I was there because I had heard from four different frontline workers in the past two weeks (all off the record out of fear of what will happen if they put their name to their concerns) about a crackdown on the area’s homeless.
I’m sure there are many who are patting themselves on the back right now. The problem’s being dealt with, right? Fewer people seem to be down there during daylight hours. Success! But is it? Far from it.
And here’s why.
One of the reasons so many congregate on 135A Street is because the services are there. Off the strip? Where are they going? Likely loitering around the area – which won’t help anyone – or perhaps hiding out of sight. If they overdose in a bush somewhere, who’s going to hit them with an overdose-reversing drug that’s being used daily on the strip? Shelter staff will be too far away.
So sure, City of Surrey, give yourself a big pat on the back for cleaning up the strip, but I don’t think the kudos are deserved.
A real solution would be finding help for these people who are suffering from their mental illnesses and their addictions.

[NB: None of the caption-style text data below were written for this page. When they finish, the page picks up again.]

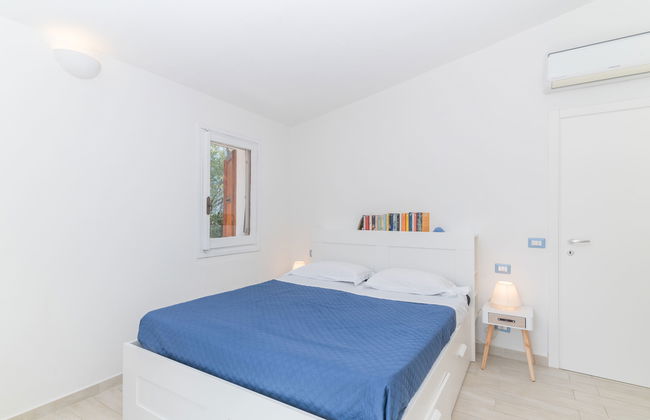 Casa de 4 quartos em Aglientu com jardim e terraço - Foto 17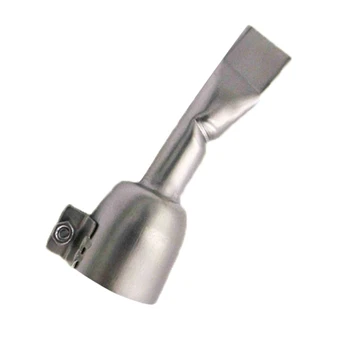 

40Mm Pressing Silicone Pressing Roller+20Mm Stainless Steel Flat Welding Nozzle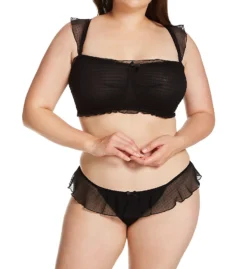 Pour Moi Summer Vibe Strapless Underwire Bralette 20120 -Pour Moi Bikinis Shop pour moi pmoi01 20120 cs3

Instead, they’re being herded around like cattle. Out of sight, out of mind, right?
Obviously, the argument could be made that people are being housed and that’s why there are fewer people along the street, but I call foul on that one.
As Peter Fedos with Hyland House told me last month, there’s a lack of adequate housing. Combine that with an influx of Syrian refugees and the increase in homeless and, well, you can do the math.
I called Nightshift Street Ministries founder MaryAnne Connor to get her take on the situation. It was uncanny. She used the exact words and phrases I had already used when writing this column.
“You know how they prod cattle? That’s what it feels like,” she said, adding she can see what goes on through a glazed window in her office. “I’ve watched them, the officers, they’re not bad guys either. They’re just doing their job.”
The recent crackdown, which she calls a “sweep,” is not a solution, she added. People just circle back.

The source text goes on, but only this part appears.